ArenaLTE.com - Seabad yang lalu, minyak menjadi komoditas yang paling berharga di dunia. Namun di era digital seperti sekarang ini, data menjadi komoditas paling dicari dan paling berharga di dunia. Sebagai gambaran adalah perbandingan valuasi 500 perusahaan besar di tahun 2006 dan 2019. Tentu sebagian besar dari 10 perusahaan teratas di tahun 2019 adalah perusahaan yang menjadikan data sebagai fokus utama.

Sebut saja Amazon yang menduduki peringkat teratas dengan valuasi sekitar 4.480,1 triliun rupiah. Disusul Apple dengan valuasi 4.395 triliun, Google (Rp 4.387 triliun), Microsoft (Rp 3.567 triliun), Visa (Rp 2526 triliun) dan Facebook (Rp 2.257 triliun).
 
Sementara itu di Indonesia, Gojek perusahaan penyandang status decacorn pertama Indonesia memiliki valuasi 10 miliar dollar AS atau setara dengan Rp 142 triliun. Hal ini membuat valuasi Gojek 14 kali lipat dari kapitalisasi pasar maskapai Garuda Indonesia yang berada di angka Rp
11,07 triliun.
 
Pakar keamanan siber dari Communication Information Sistem Security Research Center (CISSReC), mengatakan dunia saat ini telah memasuki era baru, dimana dunia industri dan bisnis menggunakan peran kecerdasan buatan atau Artificial Intelegencial (AI). Kemampuan AI digunakan untuk
mengolah data sehingga menjadi sesuatu yang berharga. Lebih berharga dari minyak atau barang tambang lainnya.
 
"Dalam era ini mulai dari profil seseorang, aktivitas, kebiasaan, lokasi, kesukaan dan lain sebagainya dapat dengan mudah dikumpulkan.
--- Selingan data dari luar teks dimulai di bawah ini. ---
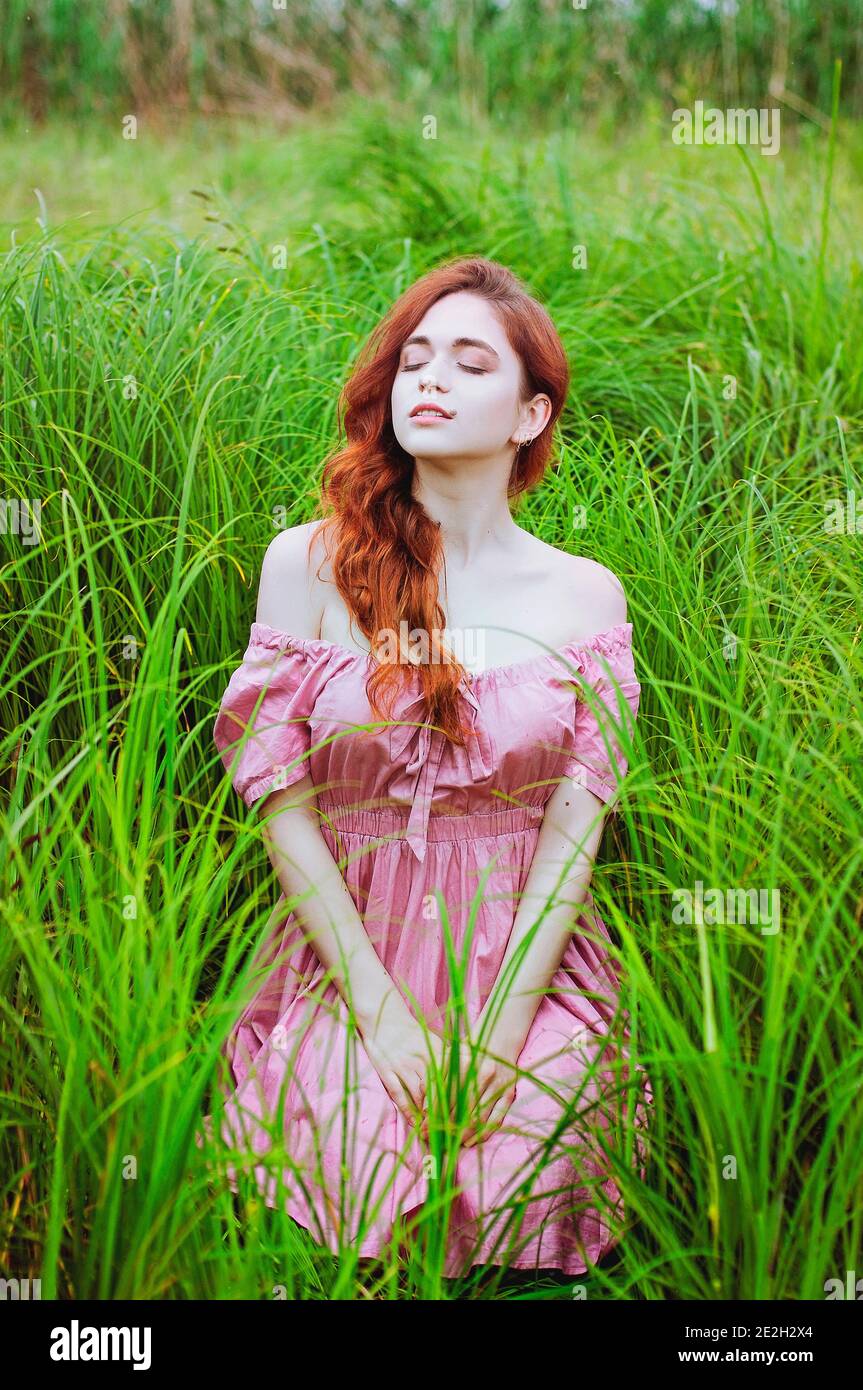Outdoor portrait of positive redhead woman in pink dress dancing in nature.  Woman's Day. Female spring, summer fashion concept. Happy lifestyle Stock  Photo - Alamy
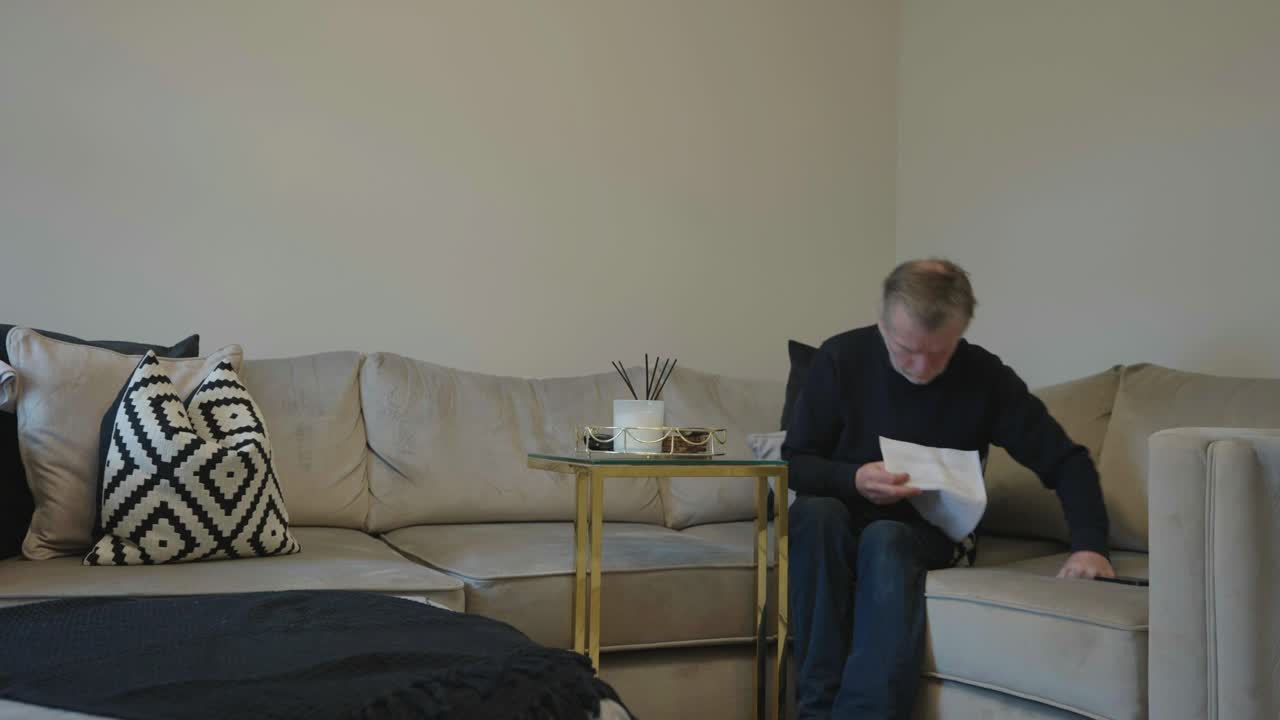 мужчина в возрасте 50 лет читает важное письмо и думает.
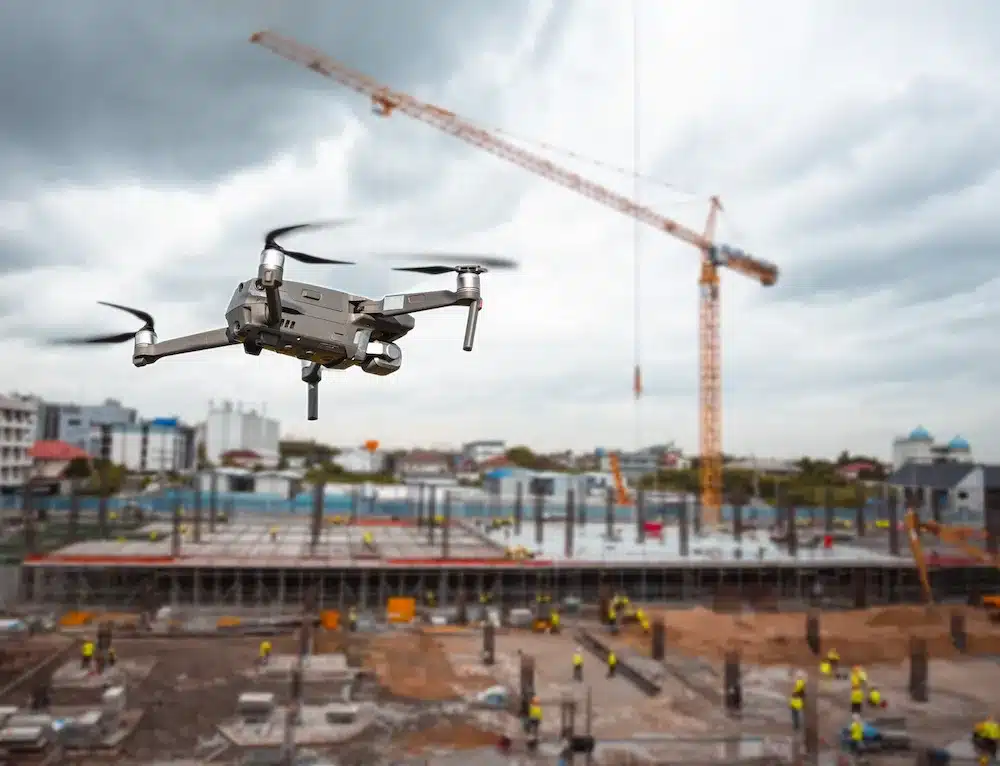 modern drone actively flying over a construction site, a large development area, or a landscape that clearly shows land features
Data yang telah terkumpul tersebut kemudian diolah melalui kemampuan AI sehingga menjadi informasi berharga," kata Pratama, Selasa (10/09/2019).
 
Lebih lanjut Pratama menjelaskan secara virtual semua aktivitas keseharian yang dilakukan oleh setiap orang adalah 'tambang' data digital. Data tersebut kemudian ditambang menggunakan internet atau smartphone yang digunakan sehari-hari.
 
"Contoh sederhananya adalah pergerakan masyarakat Jakarta yang terekam melalui global positioning system (GPS). Dari rekaman tersebut dapat diketahui lokasi-lokasi dengan kerumunan atau kepadatan yang tinggi, kemudian dapat diketahui waktu atau jam puncaknya, dan seterusnya.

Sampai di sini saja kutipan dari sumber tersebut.